Chicken Pot Pie

Serving Size: 10 Preparation Time: 0:30

Ingredient — Preparation Method

1 whole chicken, leftovers or rotisserie, deboned
7 cups chicken broth or stock
3 potatoes, scrubbed and diced
3 carrots, scrubbed and sliced
1 onions, peeled and chopped
1 1/2 cups celery, trimmed and sliced
1/4 cup butter or margarine
1/2 cup flour
1 tsp. dried basil leaves
2 cups half-and-half
1/2 tsp salt
1/2 tsp ground black pepper
2 sheets defrosted puff pastry dough

—–Egg Wash—–
1 whole egg beaten
1 egg yolk
2 Tbsp. cream or milk

1. In a saucepan, heat the chicken broth and boil potatoes, carrots, onions and celery until tender, 15 to 20 minutes; drain, reserving broth.
2. Preheat oven to 400°F.
3. In a skillet, melt butter. Add flour, basil, stirring until smooth. Cook for 1 minute, stirring constantly. Gradually stir in reserved broth, half-and-half, salt and pepper.
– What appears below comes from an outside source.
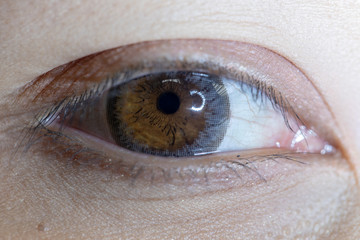 Close up of beautiful woman eye and contact lens.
Cook over medium heat, stirring occasionally, until thickened and bubbly.
4. Whisk together egg wash and set aside.
5. Add the vegetables and chicken, stirring to coat, and pour into 10 -7 ounce ramekin’s (or similar). Cut puff pasties into rounds that fit the top of the ramekin’s and place on top. Brush top of pastry with egg wash. Bake 30 to 35 minutes or until golden brown.